§ Extracted records:

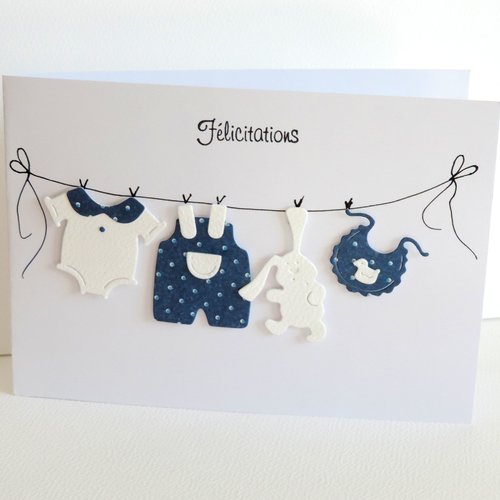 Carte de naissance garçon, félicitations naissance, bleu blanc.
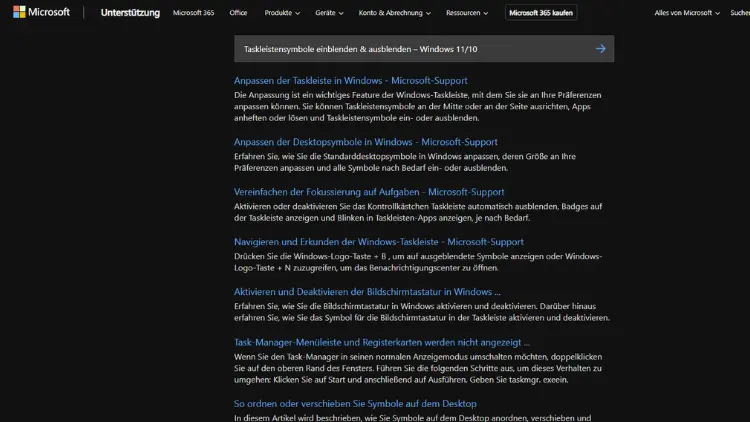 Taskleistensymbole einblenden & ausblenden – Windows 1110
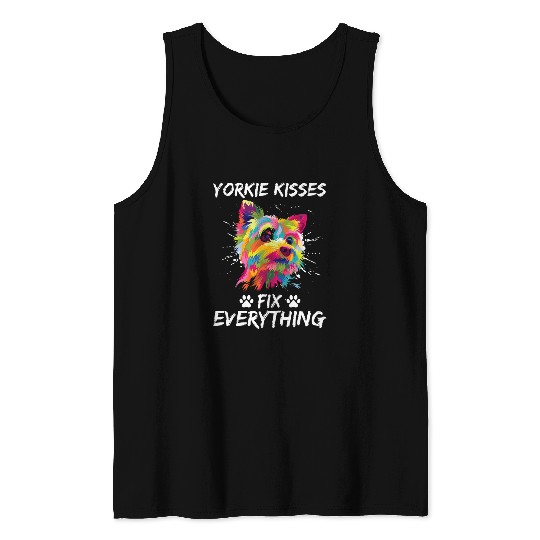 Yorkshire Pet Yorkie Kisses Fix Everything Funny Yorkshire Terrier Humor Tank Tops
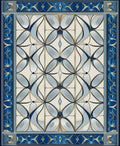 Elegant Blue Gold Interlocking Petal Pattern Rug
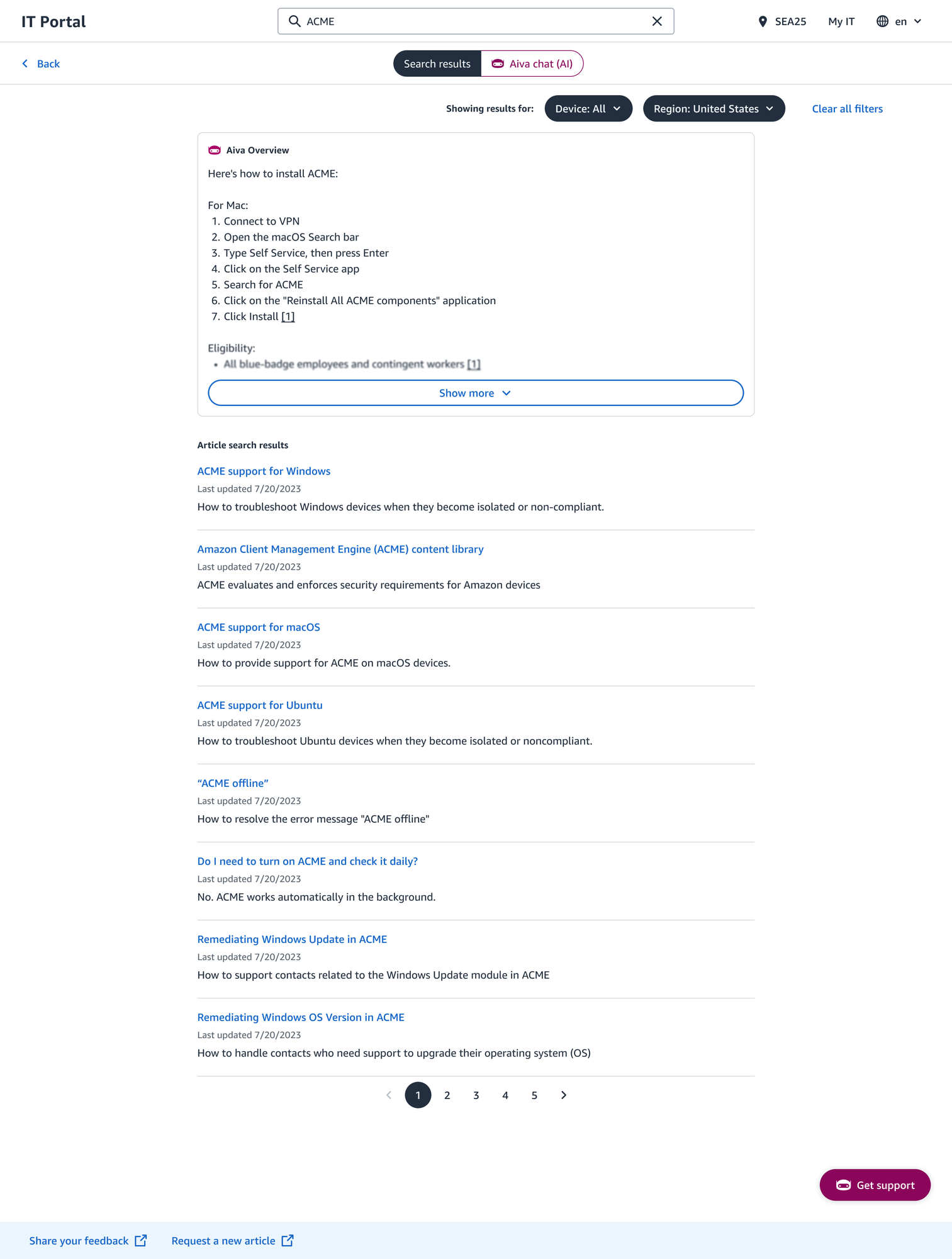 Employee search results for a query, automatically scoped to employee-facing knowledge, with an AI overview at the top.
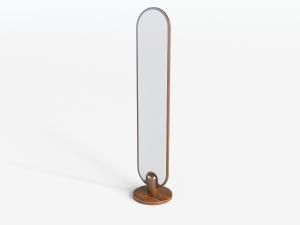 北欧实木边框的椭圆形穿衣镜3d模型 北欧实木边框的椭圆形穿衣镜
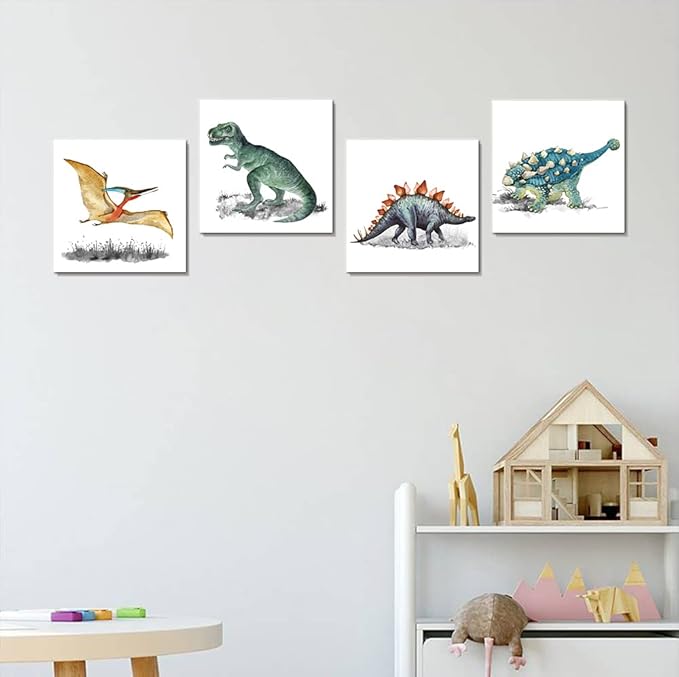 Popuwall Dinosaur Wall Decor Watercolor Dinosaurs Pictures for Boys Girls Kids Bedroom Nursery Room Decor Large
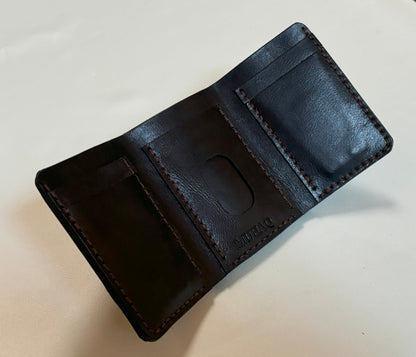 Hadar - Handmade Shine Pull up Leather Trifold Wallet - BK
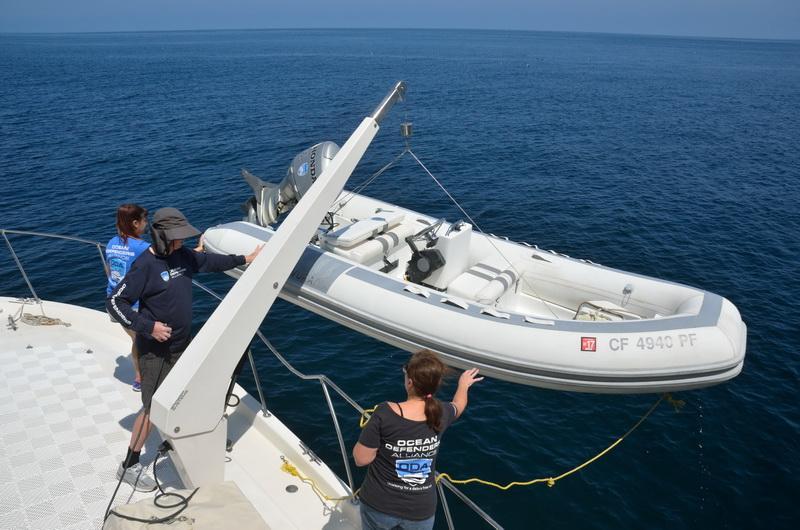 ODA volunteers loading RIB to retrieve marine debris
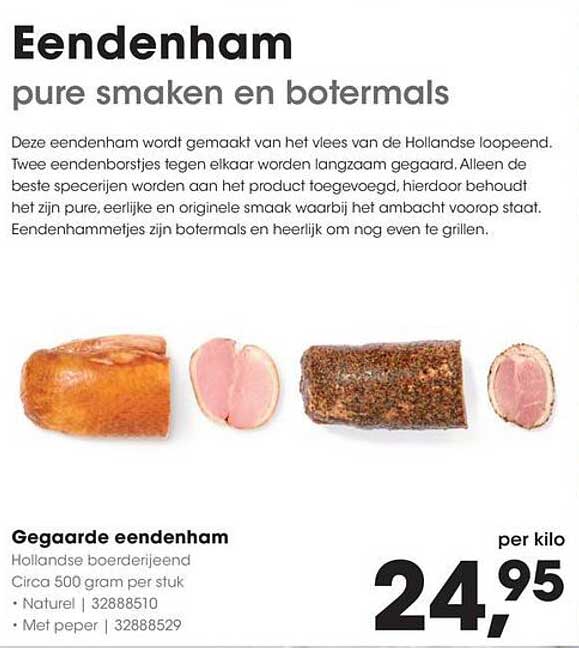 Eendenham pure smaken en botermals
--
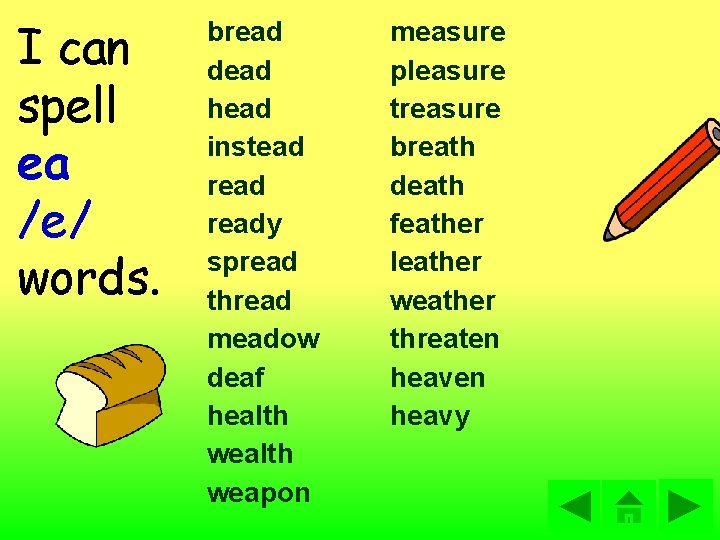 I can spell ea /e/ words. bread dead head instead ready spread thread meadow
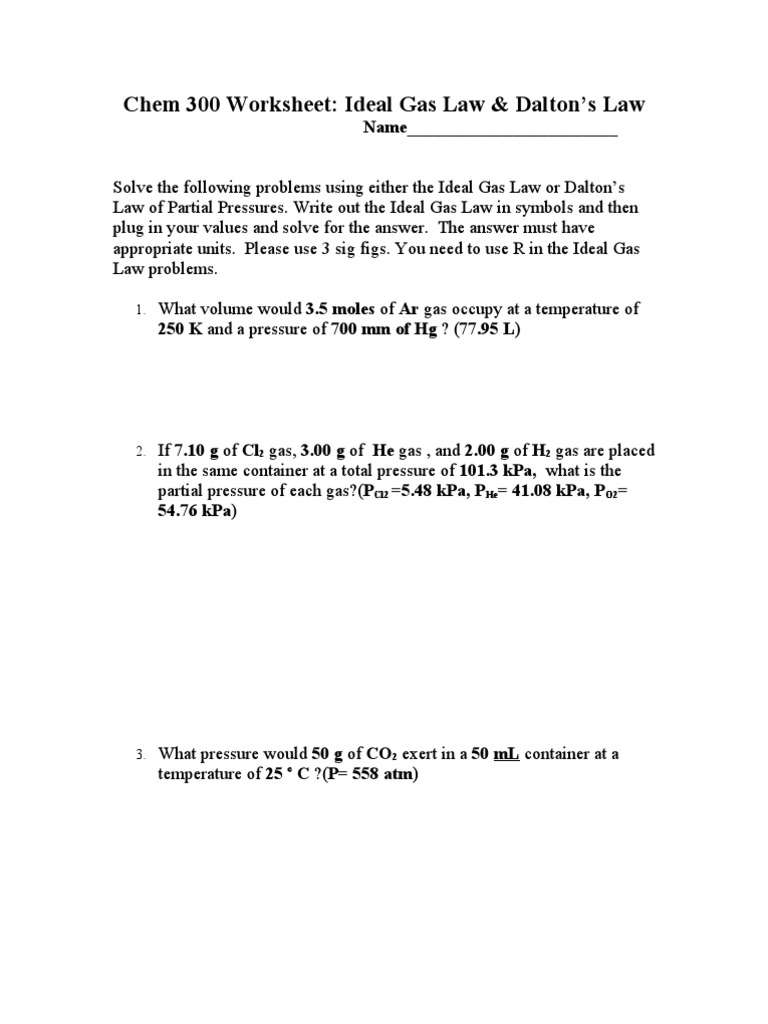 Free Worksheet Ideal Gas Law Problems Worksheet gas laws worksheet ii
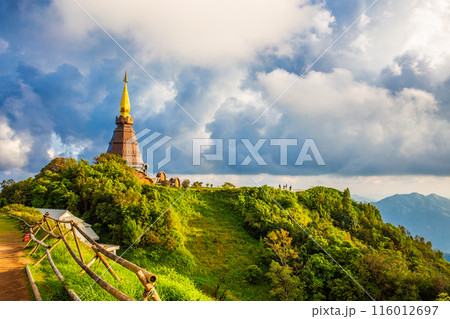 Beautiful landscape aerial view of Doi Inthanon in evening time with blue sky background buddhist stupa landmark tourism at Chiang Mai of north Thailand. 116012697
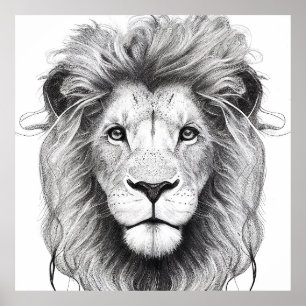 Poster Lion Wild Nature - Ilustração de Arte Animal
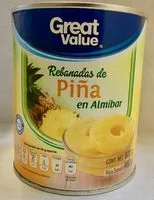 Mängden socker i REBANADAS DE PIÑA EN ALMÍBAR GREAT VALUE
...
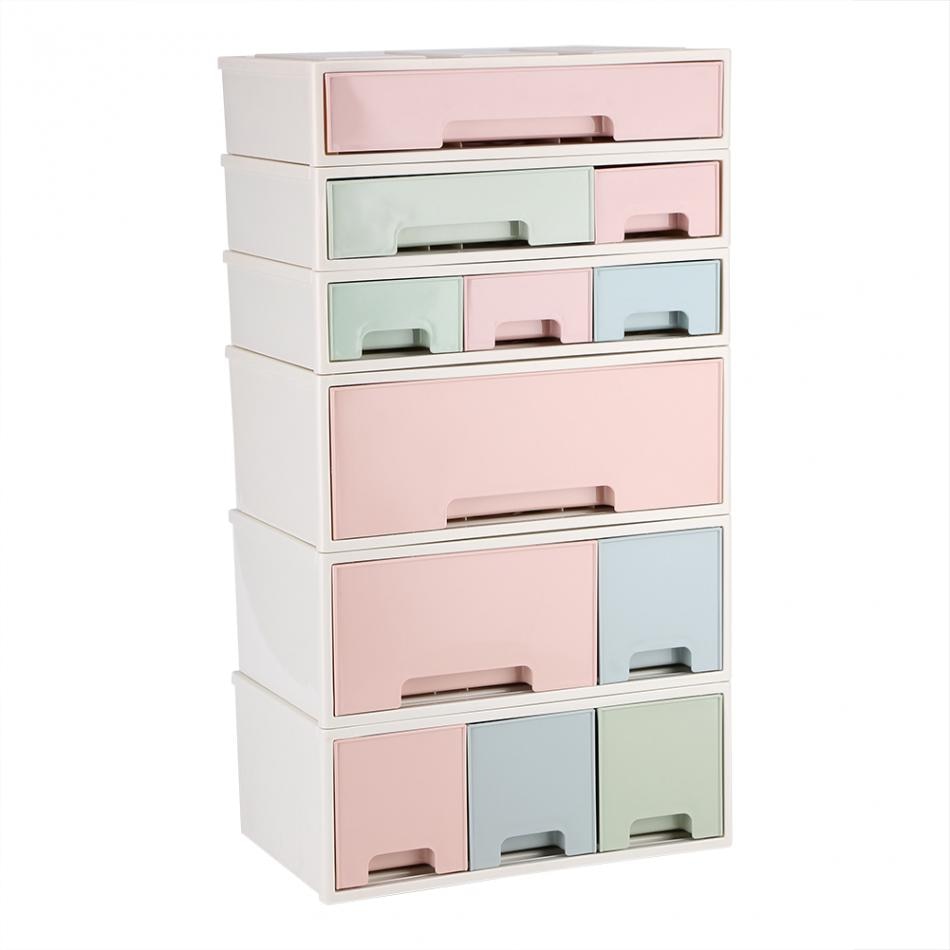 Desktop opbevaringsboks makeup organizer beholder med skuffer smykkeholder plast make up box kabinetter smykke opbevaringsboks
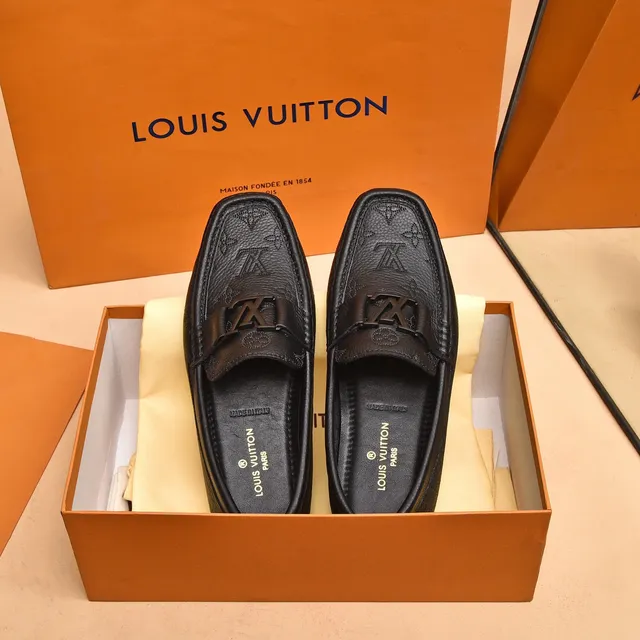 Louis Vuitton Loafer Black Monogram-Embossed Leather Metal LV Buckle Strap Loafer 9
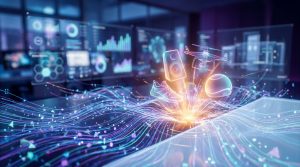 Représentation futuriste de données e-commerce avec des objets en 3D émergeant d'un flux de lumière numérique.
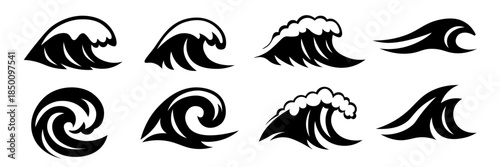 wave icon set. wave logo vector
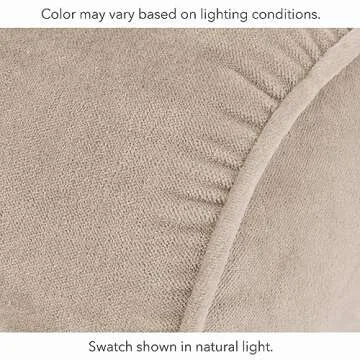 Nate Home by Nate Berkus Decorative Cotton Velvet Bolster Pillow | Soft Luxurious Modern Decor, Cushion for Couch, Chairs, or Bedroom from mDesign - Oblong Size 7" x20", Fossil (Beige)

§ Task goal:
Going by the data above, give back only the lines from the one containing "Employee search results" through the one containing "Eendenham pure smaken en botermals", exactly as they stand, both ends included and no images.

§ Exercise output:
 Employee search results for a query, automatically scoped to employee-facing knowledge, with an AI overview at the top.
 北欧实木边框的椭圆形穿衣镜3d模型 北欧实木边框的椭圆形穿衣镜
 Popuwall Dinosaur Wall Decor Watercolor Dinosaurs Pictures for Boys Girls Kids Bedroom Nursery Room Decor Large
 Hadar - Handmade Shine Pull up Leather Trifold Wallet - BK
 ODA volunteers loading RIB to retrieve marine debris
 Eendenham pure smaken en botermals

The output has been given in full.